Semiconductor dice are packaged to enable the semiconductor to make electrical, thermal, and mechanical contact with the circuitry and/or circuit board in which it is mounted. However, the packaging itself adds or modifies the electrical, thermal, and mechanical properties of the die so that in the resulting packaged product the circuitry on the die performs differently than in the case of the die alone.
Product designers try to minimize the ‘parasitic’ effects of unwanted capacitance or inductance induced by the package. These parasitic effects tend to cause a reduction in performance of the product from the design specifications.
Special care must be taken in package design when devices, such as MOSFETS, are operated at high power levels and RF frequencies. Heat generated during the operation of the device must be dissipated, and unwanted capacitances and inductances must be minimized to attain maximum operating frequency, power gain, and proper matching from stage to stage. Current RF power device packages are limited in both power output and signal operating frequency capabilities in an effort to control unwanted capacitance and inductance.

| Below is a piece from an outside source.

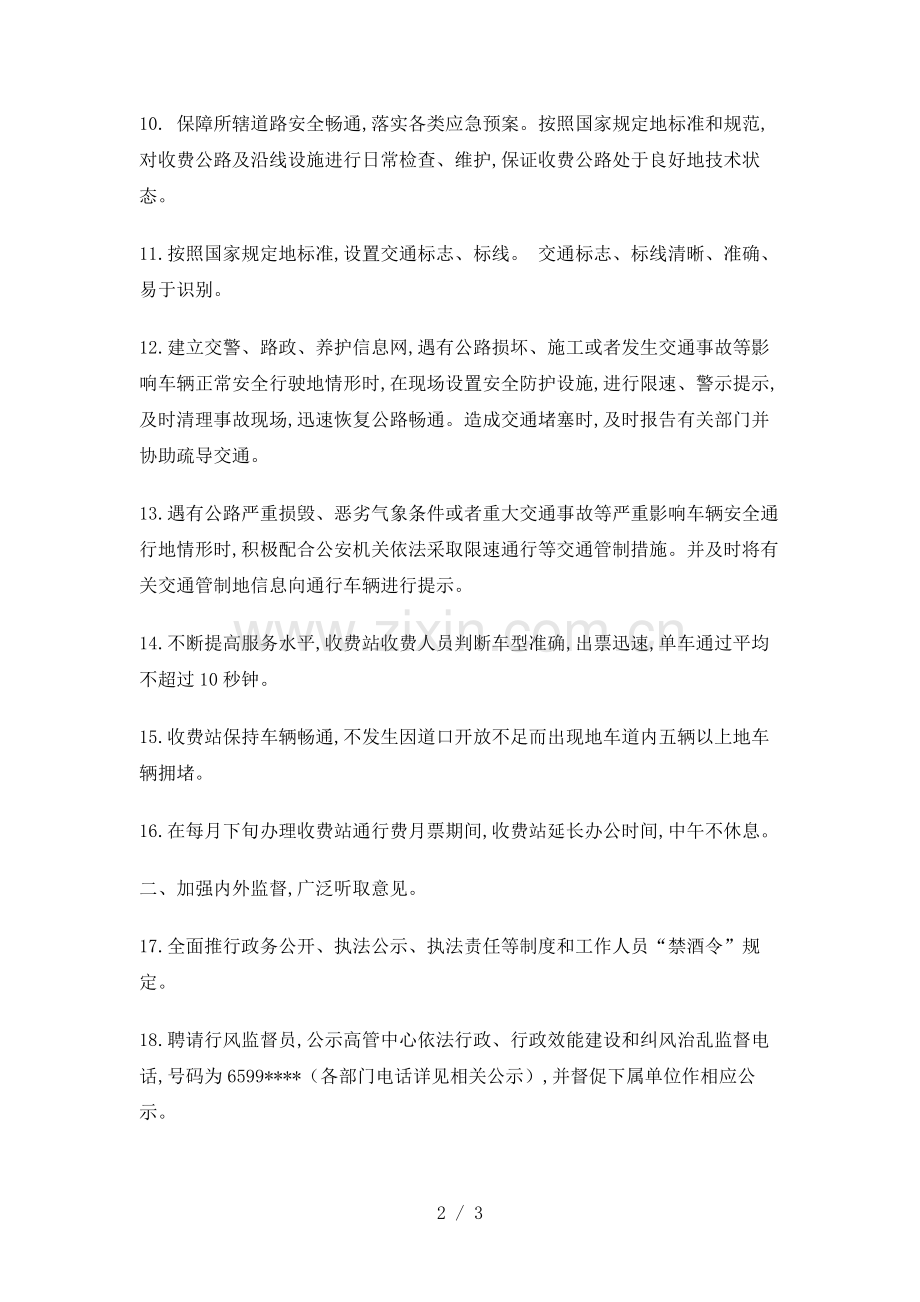 收费站向社会推出便民措施的实施方案.doc_第2页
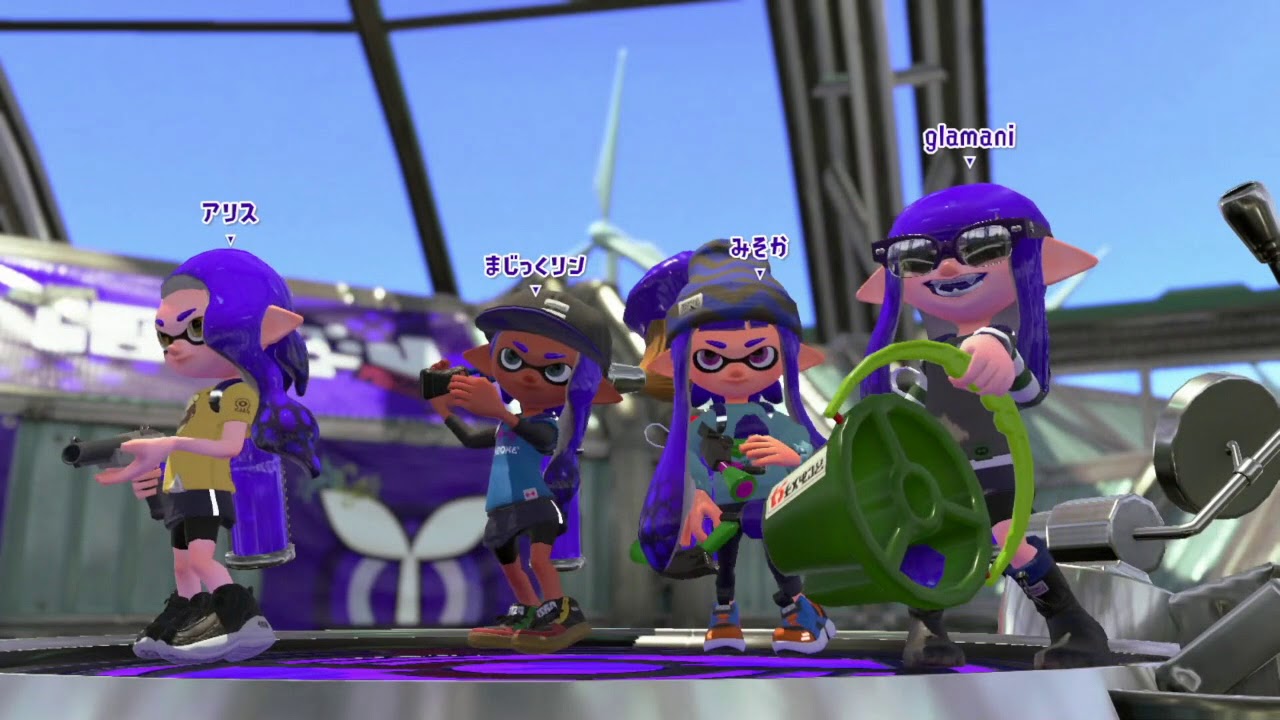 １ヶ月ぶりのスプラトゥーン２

For example, some RF power packages are limited to an operating frequency of approximately 30 megahertz (MHz) for high (>1 kilowatt) output power applications. In particular, conventional high power RF packages are generally limited to use with signal frequencies much lower than 1 MHz for an output power limit of a few hundred watts or are limited for use with signal frequencies less than 10 MHz for an output power limit of a few watts to approaching 1000 W. Other known high power RF power packages are generally limited for use with signal frequencies less than 30 MHz for an output power of a few hundred watts and approaching 1 kilowatt (kW). In addition, few of the known devices have an integrated driver. Most of the known classes of devices employ a direct-copper-bonded (DCB) alumina substrate. The DCB alumina substrates are cost effective but provide poor thermal performance, which makes their use in very high power applications a poor choice.
Unfortunately, developments in circuitry require increasingly higher signal frequencies at high output power levels. There is a need in the art for a high power RF package arranged for use with operating signal frequencies of hundreds of MHz.